HURLING ICE: WIU ag was key for crop hail damage research | Crop Conditions | farmweeknow.com

2022-10-10 11:00:04 By : Ms. Sophia Tang

Dean Wesley, left, and Ed Breece stand on the Harry Mussatto Golf Course that was once crop research plots. (Photo courtesy of WIU)

Dean Wesley, left, and Ed Breece stand on the Harry Mussatto Golf Course that was once crop research plots. (Photo courtesy of WIU)

Forget computer models, early research into crop hail damage was done the old-fashioned way — by hand.

Two Western Illinois University (WIU) School of Agriculture professors, Ed Breece and Dean Wesley, and their students played key roles. Breece and Wesley, now both emeritus agriculture professors, were part of a research project funded by the Hail Insurance Adjusters Research Association. The goal was to develop a more precise way to determine yield losses from hailstorms.

“They were looking for better data for the adjusters, such as what to look for in the field 10 to 14 days after a storm,” said Wesley. “There are different types of injury to the plants at different stages of growth: stand reduction and defoliation to the plants.”

During the research in the late 1960s and early 1970s, nine acres of WIU University Farm ground and 900 study plots were dedicated to research on corn plants at various stages of growth.

“We damaged special plots with ice, which were set up to simulate hail damage on the corn crop,” Breece said. “We created the hail damage by hauling 400-pound blocks of ice to WIU and having student workers break them into basketball-size pieces.
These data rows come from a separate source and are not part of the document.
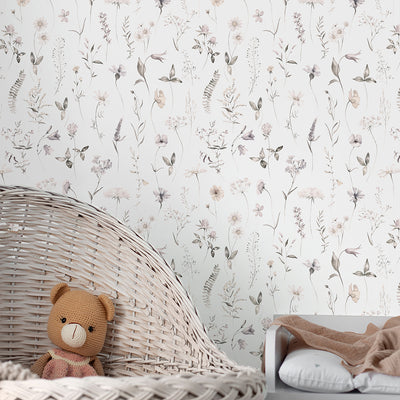 Tiny Neutral Wildflowers Wallpaper S064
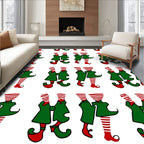Green Red Striped Elf Figures Rug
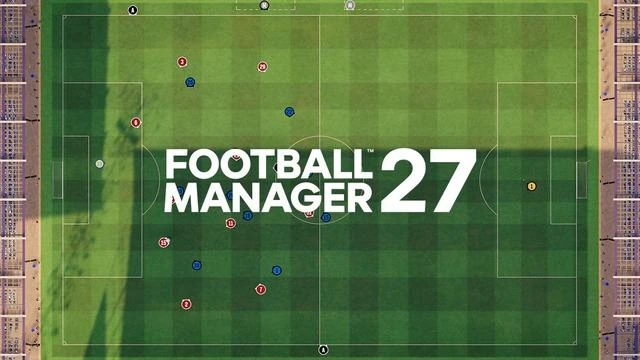 Football Manager 27 logosu, futbol sahası görselinin üzerinde yer alıyor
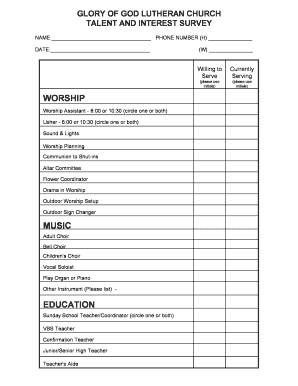 Church Interest Survey  Form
They were then put into a forage harvester to chop them into hail-size pieces to launch the pieces of ice at the corn plants. We also had to orient them (insurance adjusters) about agricultural practices so they could communicate better with the farmers.”

The professors and their student workers used scissors to defoliate the plants and a hoe to reduce the stand to simulate hail damage. The research gathered from the various ways of simulating hail damage took into consideration a variety of factors, including the population of plants per acre and how a (sunlight) loss of leaf area impacted the ability of hail-damaged plants to recover from the loss, Wesley explained.

“We would harvest each plot and determine the yield related mathematically to modify the charts given to adjusters,” Wesley said. “The data we collected was made into charts used by adjusters to determine yield loss.”

They also harvested strange looks when the non-initiated learned about their storm-simulation research.

“One of our students told his dad we were cutting the leaves off the corn plant, and he just about didn’t let his son come back to campus,” Breece said.

In addition to replicating crop damage and educating students, the professors also shared knowledge with insurance professionals. “We participated in the training of insurance adjusters, most who worked during the summer as per-diem adjusters and were teachers the rest of the year,” Breece added.

During part of the research project, Breece paused working at WIU and spent two years pursuing a doctoral degree from Iowa State University. While studying in Ames, Iowa, Breece worked with a professor who had constructed an ice machine to simulate hail damage to soybeans as part of the same research project.

“The machine had a blower on it, and a 4-inch tube, so it was a lot more sophisticated than what we had been doing,” he said.

The WIU research on hail damage on non-irrigated corn helped create more accurate hail damage tables for the crop insurance industry — tables that are still used today. While the emeritus professors’ crop damage work still stands, their former research fields today support work of a different sort. That land now comprises the front nine holes of WIU’s Harry Mussatto Golf Course.